The locomotive was out of balance (both front to back and side to side). The side to side problem was caused by eliminating a separate battery to start the engine - this was initially located next to the alternator.

To balance things out I poured melted lead in 1" X 1" aluminum square stock. The piece is 9" long and sits opposite the alternator. The lead in aluminum bar weighs 3 pounds 3 ounces, the same as the alternator and its mount.

With a full tank of fuel the locomotive is only 2 ounces from being perfectly balanced as weighed with the trucks sitting on two electronic scales. Total weight is 20 pounds 10 ounces. The body will add another 2-2 1/2 pounds. 

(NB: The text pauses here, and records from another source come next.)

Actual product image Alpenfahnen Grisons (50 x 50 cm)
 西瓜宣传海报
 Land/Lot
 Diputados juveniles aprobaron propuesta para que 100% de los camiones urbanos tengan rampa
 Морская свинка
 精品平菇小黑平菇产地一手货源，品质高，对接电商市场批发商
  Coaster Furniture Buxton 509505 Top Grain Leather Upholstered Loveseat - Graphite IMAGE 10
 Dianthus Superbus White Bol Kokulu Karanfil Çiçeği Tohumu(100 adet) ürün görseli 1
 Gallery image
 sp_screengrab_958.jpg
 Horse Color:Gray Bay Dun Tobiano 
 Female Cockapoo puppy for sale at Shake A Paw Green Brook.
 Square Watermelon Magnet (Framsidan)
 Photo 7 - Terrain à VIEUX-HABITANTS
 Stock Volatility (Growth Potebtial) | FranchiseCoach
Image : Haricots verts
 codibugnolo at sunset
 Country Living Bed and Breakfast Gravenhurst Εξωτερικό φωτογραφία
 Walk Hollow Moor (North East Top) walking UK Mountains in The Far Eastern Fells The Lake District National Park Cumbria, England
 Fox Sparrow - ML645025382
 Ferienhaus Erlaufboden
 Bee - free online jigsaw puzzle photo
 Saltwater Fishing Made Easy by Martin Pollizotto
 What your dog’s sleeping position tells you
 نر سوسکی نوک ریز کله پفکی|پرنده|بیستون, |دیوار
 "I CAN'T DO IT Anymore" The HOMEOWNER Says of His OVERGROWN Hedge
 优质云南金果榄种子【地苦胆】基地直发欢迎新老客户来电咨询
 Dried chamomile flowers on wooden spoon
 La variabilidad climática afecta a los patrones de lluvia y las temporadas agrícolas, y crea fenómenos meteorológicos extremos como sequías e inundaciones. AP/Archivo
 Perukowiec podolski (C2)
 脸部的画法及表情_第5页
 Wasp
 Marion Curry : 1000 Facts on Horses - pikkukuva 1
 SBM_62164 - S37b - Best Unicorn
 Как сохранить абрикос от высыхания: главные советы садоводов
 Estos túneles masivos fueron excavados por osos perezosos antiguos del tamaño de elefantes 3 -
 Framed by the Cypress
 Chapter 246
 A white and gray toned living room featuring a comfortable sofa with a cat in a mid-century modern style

The new aluminum/lead balance is on the left:


----------



## Jerry Barnes (Jan 2, 2008)

You do nice neat work Bob, not like me!


----------



## Bob Pope (Jan 2, 2008)

Thanks to help from my friend Sal, I was able to re-wire the electronic switch used to control the cooling fan and eliminate a bridge rectifier that robbed .7 volt. The fan is completely different running at 6 volts instead of 5.3 volts. It was getting a bit warmer than I wanted when I ran it with a cardboard test body.
The 'real' body will be made of fiberglass, be painted black and tan, and will look something like this. The smoke stack will be at the back of the locomotive, not in front of the windscreen as on the prototype.










Regards,

Bob


----------



## rodblakeman (Jan 2, 2008)

Bob, 
Looking good. I like the new body styling, especially the sample red colour. I understand your reasons for maintaining your fleets "corporate" colours though  

Rod.,


----------



## k5pat (Jan 18, 2008)

Posted By Bob Pope on 01/30/2009 7:13 AM


Thanks to help from my friend Sal, I was able to re-wire the electronic switch used to control the cooling fan and eliminate a bridge rectifier that robbed .7 volt. The fan is completely different running at 6 volts instead of 5.3 volts. It was getting a bit warmer than I wanted when I ran it with a cardboard test body.
The 'real' body will be made of fiberglass, be painted black and tan, and will look something like this. The smoke stack will be at the back of the locomotive, *not in front of the windscreen as on the prototype.*










Regards,

Bob



Glad to hear that the smokestack will be behind the windscreen. The engineer will be very happy about that! Can't wait to see the finished product Bob. It looks slick.


----------



## CapeCodSteam (Jan 2, 2008)

Bob, 

Does the color scheme mean you're going to build a second set of passenger cars after all?


----------



## Bob Pope (Jan 2, 2008)

Cape Cod - No more passenger cars for me! The P-2 will be painted to match the existing cars. 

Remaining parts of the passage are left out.